### Task objective
Starting at the line that contains "5 Acres of Land" and ending at the line that contains "Cobertor De Velo", the lines below are to be given again exactly, with nothing added.

### Recorded data
-- -- --

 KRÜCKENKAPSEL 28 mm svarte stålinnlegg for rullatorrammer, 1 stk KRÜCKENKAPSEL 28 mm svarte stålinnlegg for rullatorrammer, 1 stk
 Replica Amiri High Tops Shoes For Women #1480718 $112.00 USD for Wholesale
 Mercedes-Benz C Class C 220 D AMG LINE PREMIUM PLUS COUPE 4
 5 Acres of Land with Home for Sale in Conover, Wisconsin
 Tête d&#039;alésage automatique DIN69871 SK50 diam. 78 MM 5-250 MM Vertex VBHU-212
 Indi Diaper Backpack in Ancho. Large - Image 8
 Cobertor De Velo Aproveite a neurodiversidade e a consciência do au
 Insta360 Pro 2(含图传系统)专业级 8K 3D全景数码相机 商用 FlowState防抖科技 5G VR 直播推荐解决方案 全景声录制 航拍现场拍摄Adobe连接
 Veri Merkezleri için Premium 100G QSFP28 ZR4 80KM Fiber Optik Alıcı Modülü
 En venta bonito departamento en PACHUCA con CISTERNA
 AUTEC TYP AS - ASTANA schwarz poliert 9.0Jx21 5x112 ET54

-- -- --

### Task result
 5 Acres of Land with Home for Sale in Conover, Wisconsin
 Tête d&#039;alésage automatique DIN69871 SK50 diam. 78 MM 5-250 MM Vertex VBHU-212
 Indi Diaper Backpack in Ancho. Large - Image 8
 Cobertor De Velo Aproveite a neurodiversidade e a consciência do au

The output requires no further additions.